_DATA TO EXAMINE_.
↓↓↓

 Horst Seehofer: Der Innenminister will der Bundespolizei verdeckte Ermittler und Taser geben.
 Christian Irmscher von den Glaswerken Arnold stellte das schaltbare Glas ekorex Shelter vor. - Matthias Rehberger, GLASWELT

↑↑↑
↓↓↓

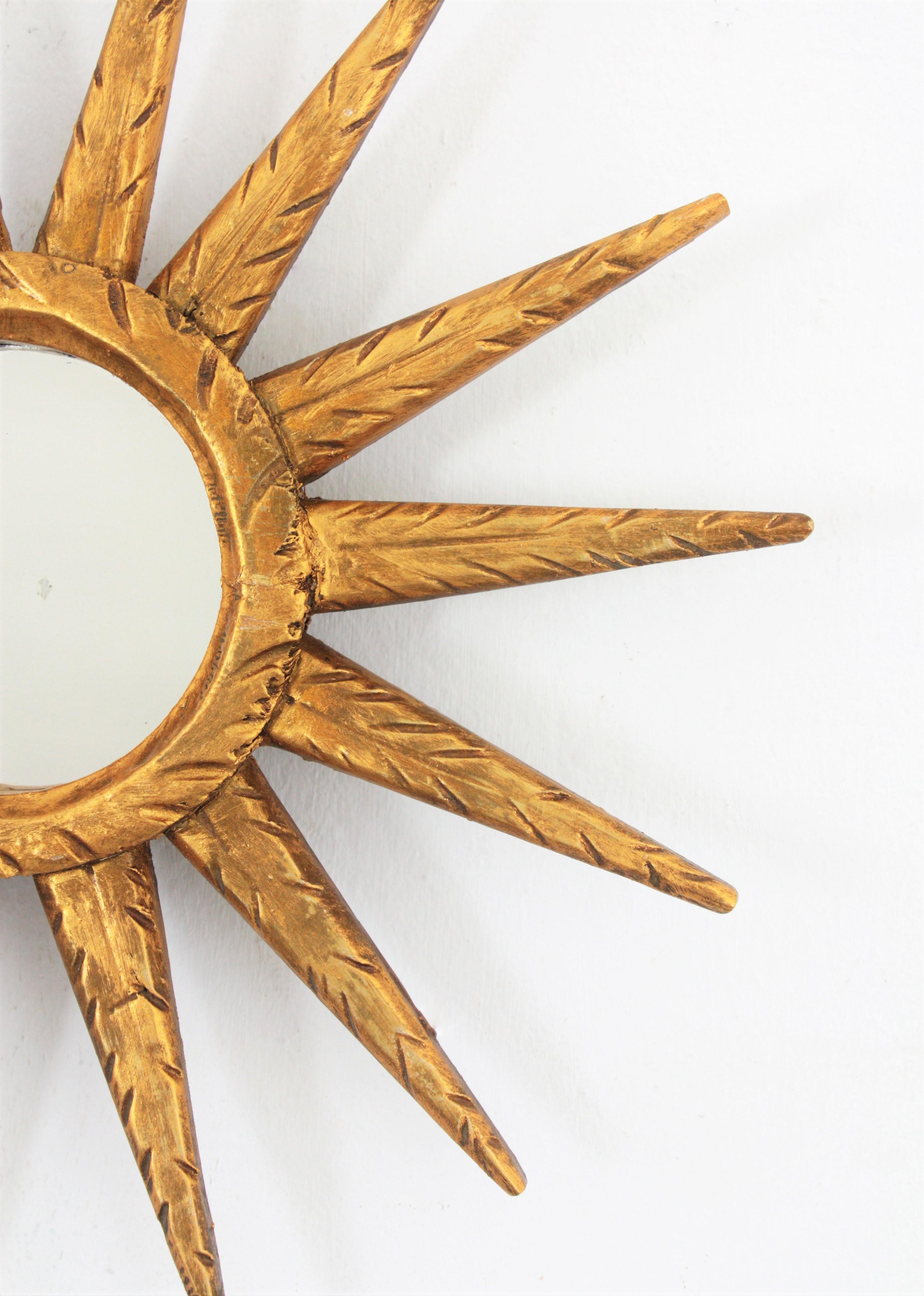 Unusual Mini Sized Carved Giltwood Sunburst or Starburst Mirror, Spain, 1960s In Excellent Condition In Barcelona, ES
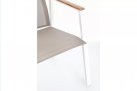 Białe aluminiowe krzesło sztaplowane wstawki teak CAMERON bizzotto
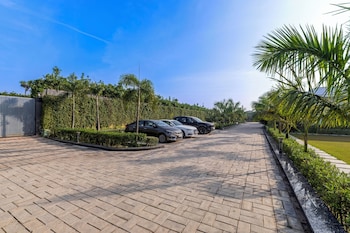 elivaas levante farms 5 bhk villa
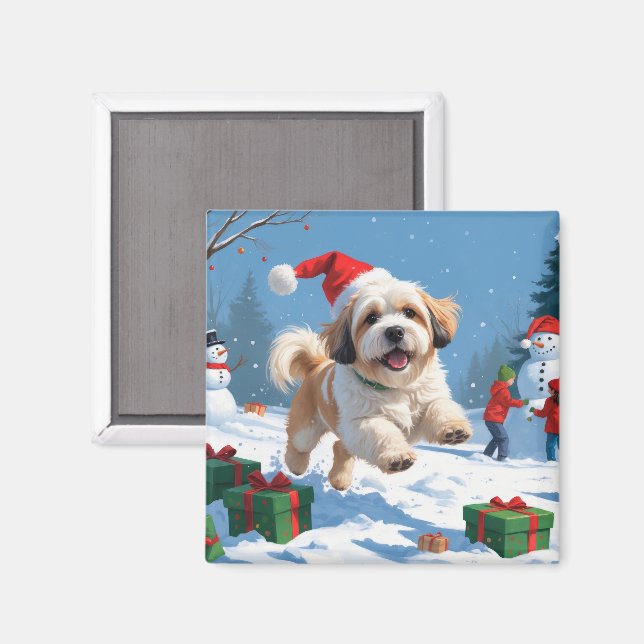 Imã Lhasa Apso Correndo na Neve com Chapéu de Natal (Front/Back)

↑↑↑
↓↓↓

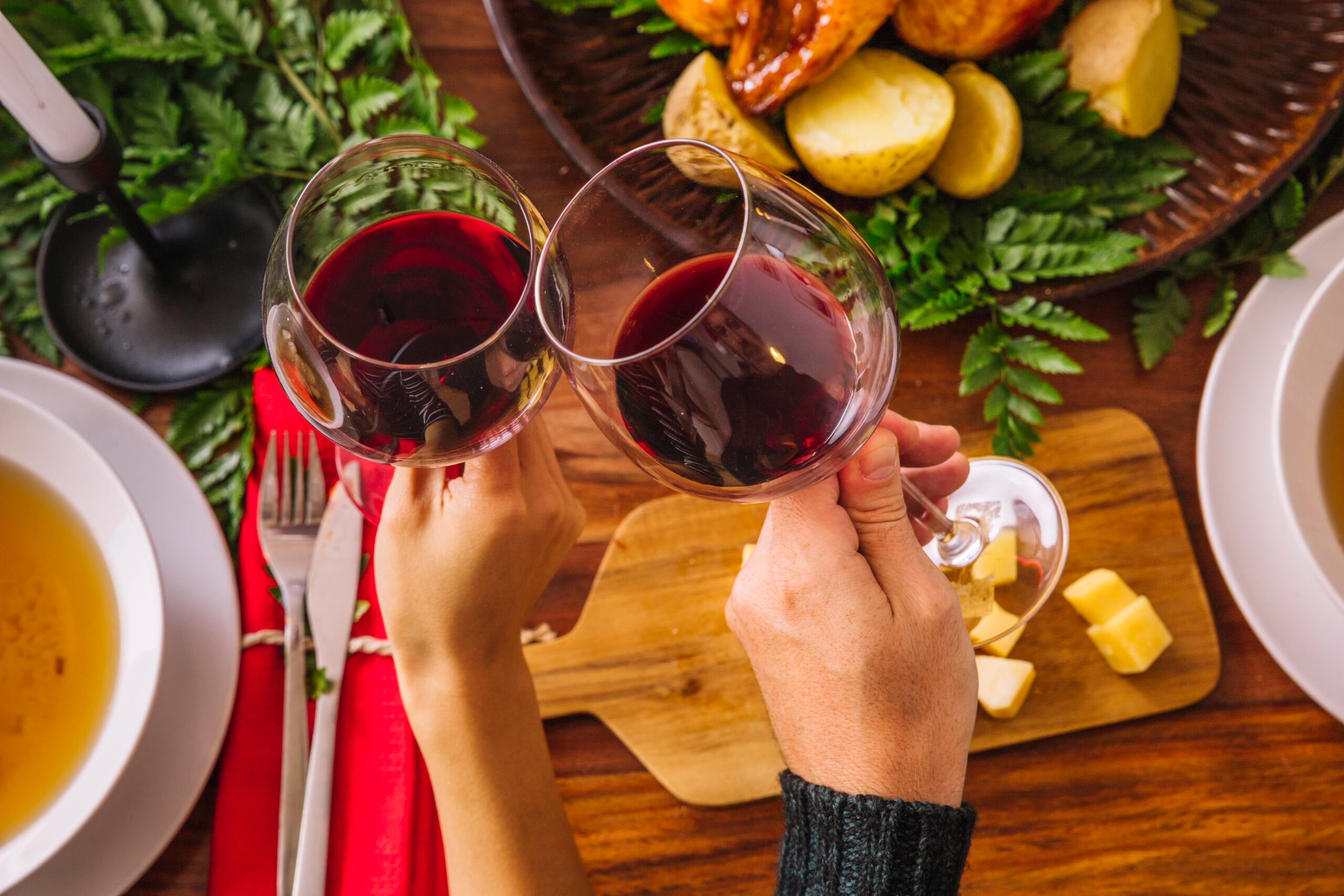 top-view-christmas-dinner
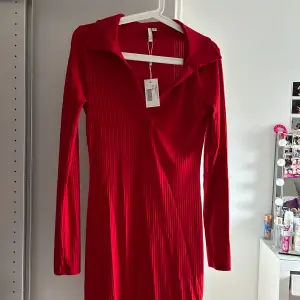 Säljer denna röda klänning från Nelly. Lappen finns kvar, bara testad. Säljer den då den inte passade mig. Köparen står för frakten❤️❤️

↑↑↑

A word-for-word reproduction is needed of the lines above from the line containing "top-view-christmas-dinner" through the line containing "Säljer denna röda", with both ends kept and no pictures.

 top-view-christmas-dinner
 Säljer denna röda klänning från Nelly. Lappen finns kvar, bara testad. Säljer den då den inte passade mig. Köparen står för frakten❤️❤️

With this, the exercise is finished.